Thomas Robinson, 56, was jailed for three-and-a-half years last June after he was found guilty of a £550,000 scam that spanned five years from 2014.
But Stirling Sheriff Court heard Robinson, who was known to his many customers as Tam O'Braan, profited by almost twice that amount.
Now prosecutors are attempting to recover the money he made from the scam.
Fiscal depute Asif Rashid said the "benefit amount" alleged by the Crown was £1.068m.
Rashid said it had been thought the amount was even higher - £1.6m - but after eliminating an element of double counting the Crown submitted the lower figure.
The revelation came during a preliminary hearing on an action by the Crown under the Proceeds of Crime Act to assess and confiscate the money Robinson made through fraud.
How much Robinson is eventually ordered to pay the public purse will depend on his available assets, which have not yet been revealed in open court.
Any defence challenge to the alleged benefit amount will also be considered.
Trading as "The Wee Tea Plantation", Robinson ordered tea plants from gifts nursery in Sussex and planted them in the kaleyard of a former sheep farm rented near Loch Tay.
He showed the tea plants to buyers from outlets including upmarket department store Fortnum & Mason.
The 56-year-old claimed to have found a way to make his tea flourish despite Scotland's weather using a "special biodegradable polymer", which prosecutors said resembled black bin liner.

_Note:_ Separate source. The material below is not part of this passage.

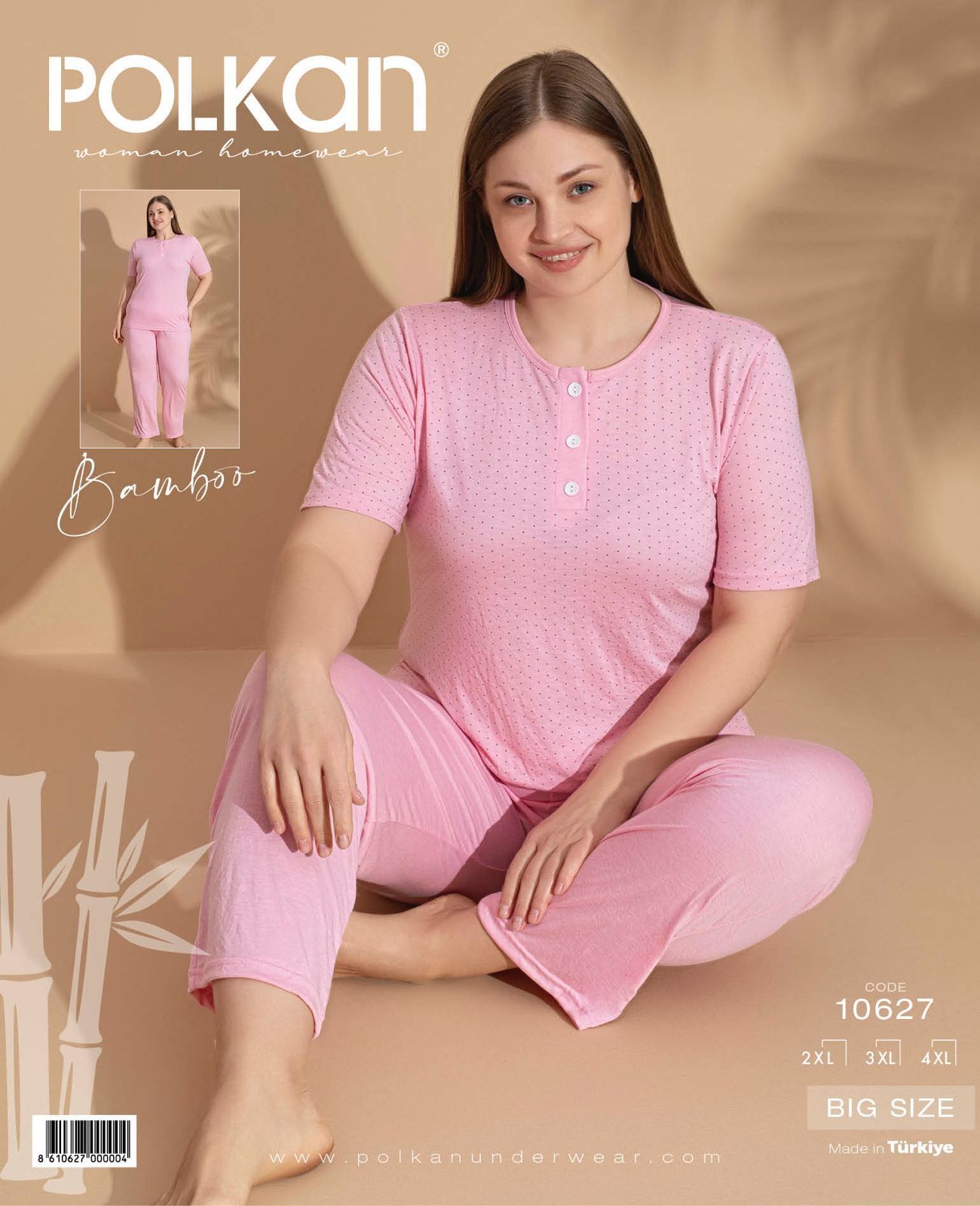 Polkan 10627 (2XL-3XL-4XL) Kısa Kollu Bayan Bambu Pijama Takım 3'lü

Robinson also supplied high-end customers such as Edinburgh's Balmoral Hotel and the Dorchester in London with varieties of tea with names like Highland Green, Silver Needles and Scottish Antlers Tea.
Jurors heard he had bought more than one tonne of tea grown abroad, repacked it and sold it on.

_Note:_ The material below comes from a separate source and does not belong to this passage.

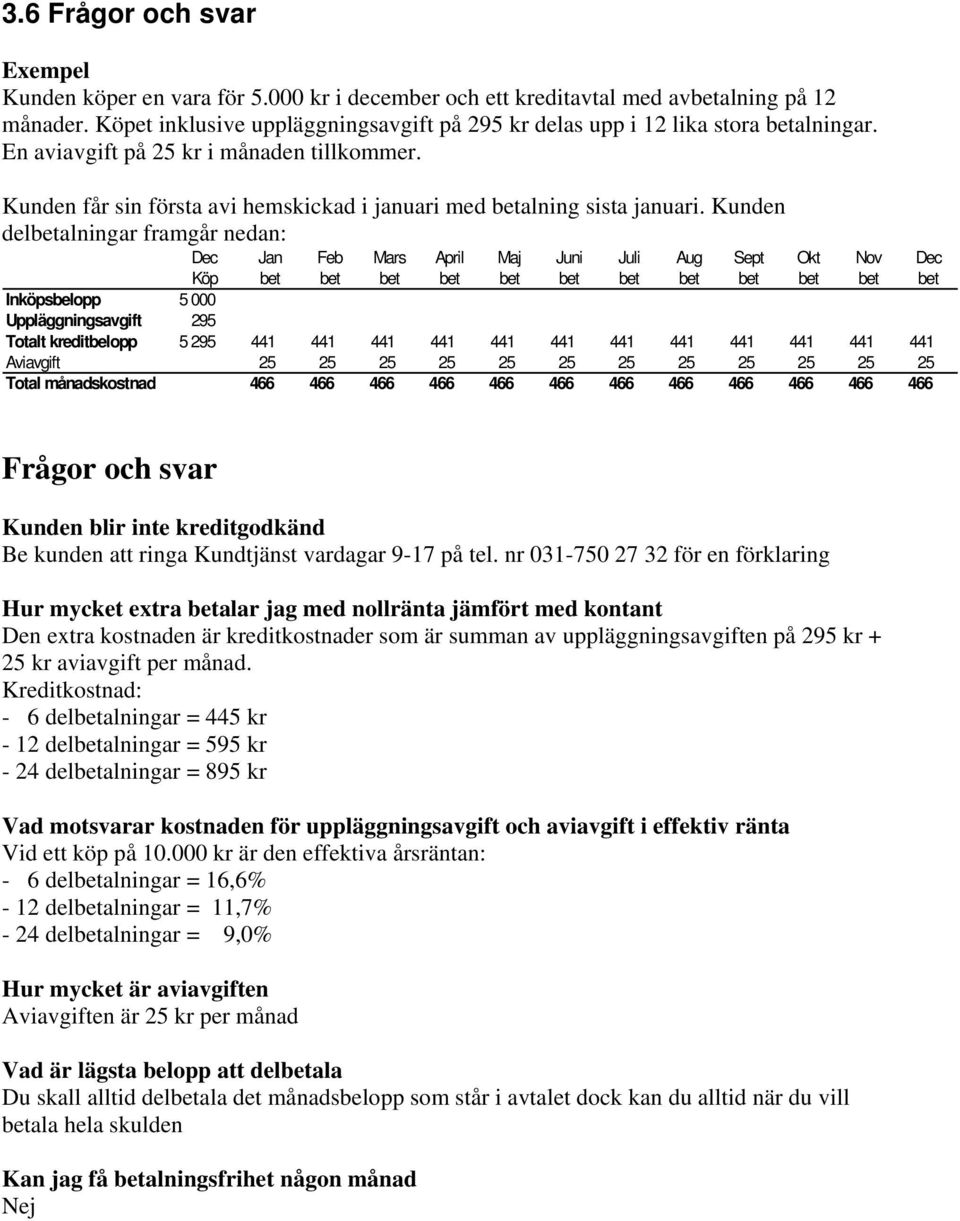 Kunden får sin första avi hemskickad i januari med betalning sista januari.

The foreign tea was delivered to a mailbox address in Glasgow and paid for through a private bank account to disguise it.
Prosecutors said a kilogram of African tea could be sold for 100 times its cost if it was passed as grown in Scotland.
Robinson, of Amulree, Perthshire, denied the crime, claiming paperwork he could have used in his defence had been destroyed in a flood and his electronic records were wiped.
A further preliminary hearing is set to be held on 18 March, with a full hearing in the case due to be heard later this Spring.